The only unfortunate thing about this paper is that the authors are now accomplices in fraud, not because the attack doesn't work, but because they directly assisted the frauds at OpenAI via Irresponsible Disclosure: "We received approval from OpenAI prior to extracting the parameters of the last layers of their models, worked with OpenAI to confirm our approach's efficacy, and then deleted all data associated with the attack.

...

In discussions with OpenAI, we decided to withhold disclosure of the size of gpt-3.5-turbo models, but we confirmed with them that the number our attack reported was accurate."

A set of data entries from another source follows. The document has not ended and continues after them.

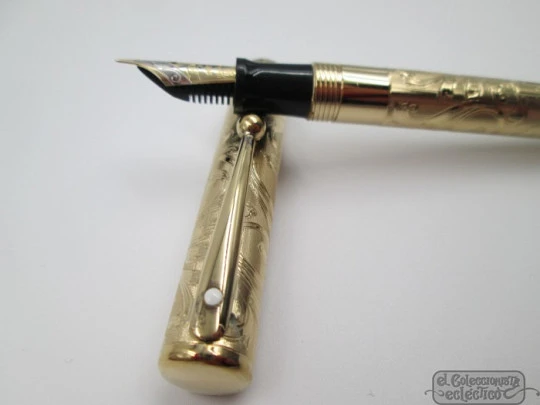 Sheaffer Balance. Edición limitada conmemorativa. Laminada oro 23K. Palanca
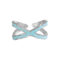 [925純銀]雙層交叉藍色滴釉開口戒指 - JA805款, 开口可调节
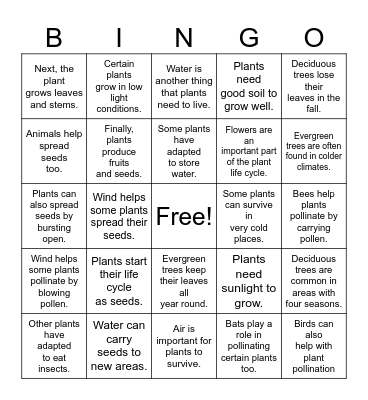 Main Idea Bingo Card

Even so, this does pave the way for more ethical researchers to take the next steps, and the authors of this paper may be permanently blacklisted from any credible employment in the industry. It is unfortunate to see such talent turn to crime, but not unexpected in cybersecurity today.

I have to say, 2023 was the year of LLM hype, but 2024 is shaping up to be the year where cybersecurity researchers smash those trivial AI systems into a fine paste. There is plenty of work ahead, but it is clear which way the wind is blowing.